1
votes

I built a 3D image classification model with CNN for my research. I only have 5000 images and used 4500 images for training and 500 image for test set. I tried different architectures and parameters for the training and the F1 score and the accuracy on the training sets were as high as 0.9. It was fortunate that I didn't have to spend a lot of time to find these settings for the high accuracy.

Now I applied this model for the test set and I got a quite satisfying prediction with F1 score of 0.8~0.85.

My question here is, is it necessary to do validation? When I was taking a machine learning course back then, I was taught to use a validation set for tuning hyper parameters. One reason why I did not do k-fold cross validation is because I do not have much data and wanted to use as many training data as possible. And my model shows a quite good prediction on the test set. Can my model still convince people as long as the accuracy/f1 score/ROC are good enough? Or can I try to convince people only by doing k-fold cross validation without making and testing on a test set separately?

Thank you!

2
Given that you test set is very small (500 images), I'd do cross-validation. The fact that you don't have much data highlights the need for cross-validation. If instead you have a large enough test set, you could skip the CV procedure.Stergios

2 Answers

1
votes

unfortunately i think that the single result won't be enough. This is due to the fact that your result could be just pure luck. Using a 10 fold CV you use 90% of your data (4500 images) for training and the remaining 10% for testing. So basically you are not using less images in the training with the advantage of more reliable results.

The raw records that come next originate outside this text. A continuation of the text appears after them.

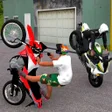 Icoon van programma: Mx Motovlog Online V2
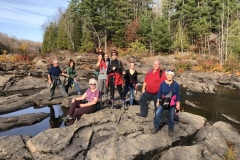 Shawinigan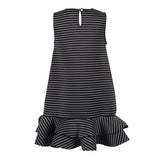BLACK-AND-WHITE-DRESS-86028-2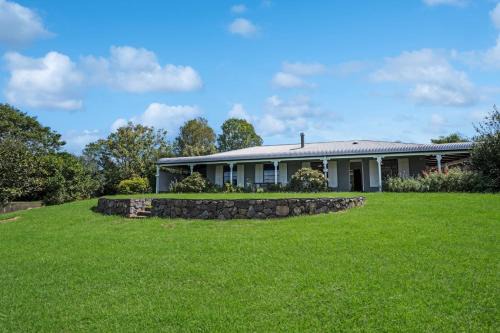 Witta House | Witta Country Escape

The validation scheme proposed by Martin is already a good one but if you are looking for something more robust you should use a nested cross validation:

  • Split the data-set in K folds
  • The i-th training set is composed by {1,2,..,K} \ i folds.
  • Split the training set in N folds.
  • Set a hyper-parameter values grid
  • For each hyper-parameter set of values:
    • train on {1,2,..,N} \ j folds and test on the j-th fold;
    • Iterate for all the N folds and compute the average F-score.
  • Choose the set of hyper-parameters that maximize your metric.

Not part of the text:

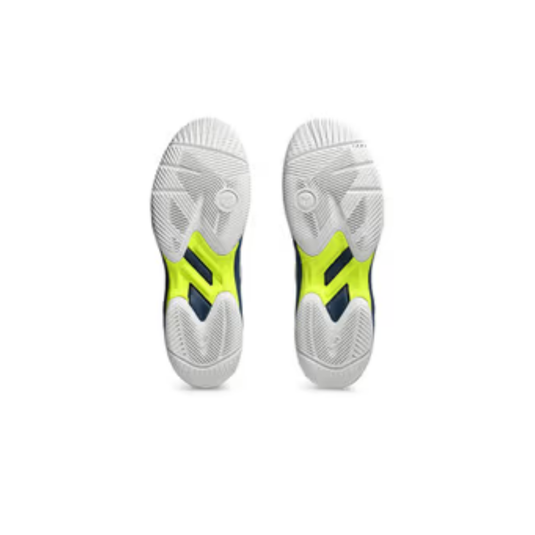 Asics Gel Game 9 Tennis Shoes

  • Train the model using the i-th training set and the optimal set of hyper-parameters and test on the i-th fold.

  • Repeat for all the K folds and compute the average metrics.

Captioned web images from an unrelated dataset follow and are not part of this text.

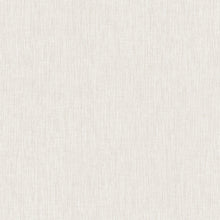 47614 Structure Heritage Beige Wallpaper By Galerie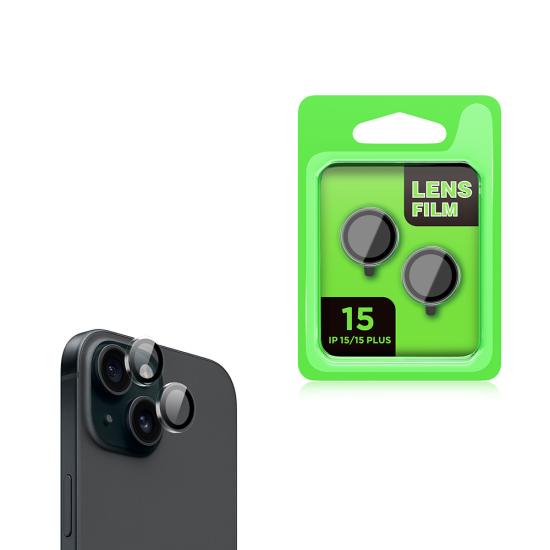 Şeffaf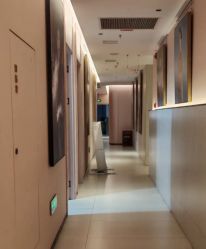-盘子女人坊古装写真摄影(厦门总店)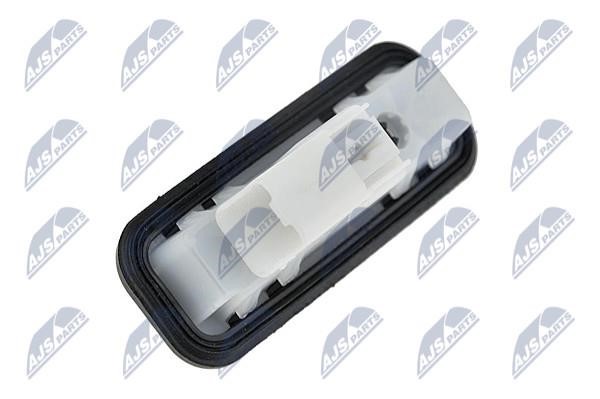Buy NTY EZCCT010 – good price at EXIST.AE!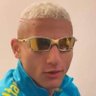 Profilbild von Benni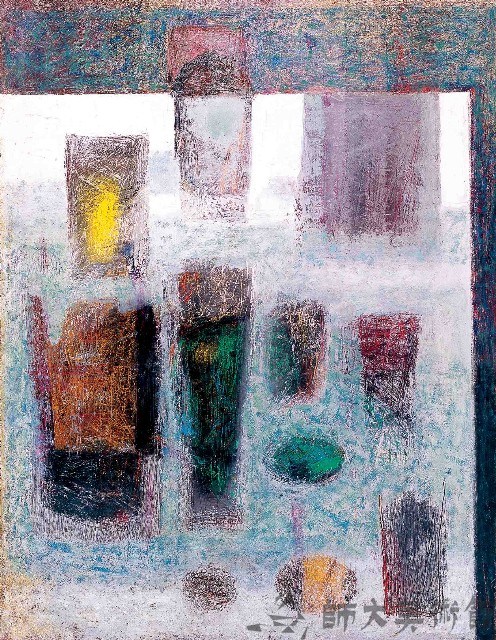 無題藏品圖，第2張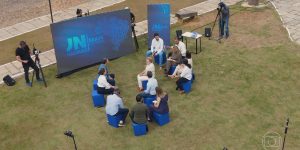 globo-canal-4-20260818-2000-frame-131335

The average metrics could be not sufficient to prove the stability of the method so it's advisable to provide also the confidence interval or the variance of the results.

Finally, to have a really stable validation of your method, you could consider to substitute the initial K-fold cross validation with a re-sampling procedure. Instead of splitting the data in K fold you resample the dataset at random using 90% of the samples as training and 10% of samples for testing. Repeat this M times with M>K. If the computation is fast enough you can consider to do this 20-50 or 100 times.

0
votes

A cross validation dataset is used to adjust hyperparameters. You should never touch the test set, except when you are finished with everything!

As suggested in the comments, I recommend k-fold cross validation (e.g. k=10):

  1. Split your dataset into k=10 sets
  2. For i=1..10: Use sets {1, 2,..., 10} \ i as a training set (and to find the hyper parameters) and set i to evaluate.
  3. Your final score is the average among those k=10 evaluation scores.